Surrounded by yellow wheat fields I feel a rush of exhilaration, I find myself singing and laughing inside the helmet. I am filled with a bubbly joy as I have spent the day driving at random, wherever I felt, following tiny country roads, through forests and past lakes, more or less heading north. It’s always good not to loose your sense of north. A guide book told me Montrésor, une des plus belles villages de France, should be somewhere around here, and I was lucky to come across it. It is a stunning village with a castle belonging to the late Polish comte Xavier Branicki, in which his descendants are still living. From a fountain in the garden of Xavier Bendickis castle I would like to have a bash at convincing you why philosophy is good, not only the individual but for society at large.

With inner freedom you can be free in a jail.
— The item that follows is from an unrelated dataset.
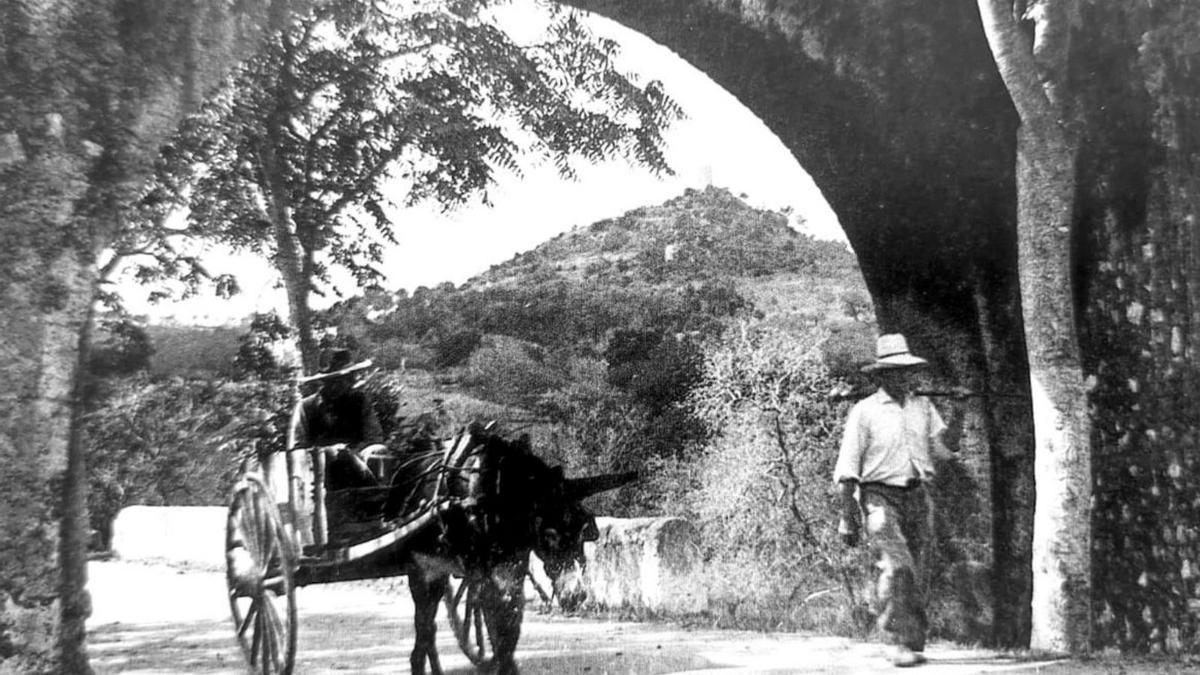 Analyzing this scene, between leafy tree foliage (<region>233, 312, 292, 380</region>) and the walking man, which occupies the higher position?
leafy tree foliage (<region>233, 312, 292, 380</region>)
So what is philosophy? For me it is not primarily about a quest for truth, or love for truth. It is about freedom. Freedom of mind. Without inner freedom there is no freedom, and with inner freedom you can be free in a jail. What is a free mind? It is a mind that does not depend on crutches of certainty. A mind willing to follow through to the logical conclusion and prepared change opinion in light of new insights. A mind that can look at things from different angles, and never assumes that there is only one right answer. A mind that knows there are good arguments for and against everything. A mind that does not mistake familiarity for understanding. Philosophy is one of many  roads that can lead you there.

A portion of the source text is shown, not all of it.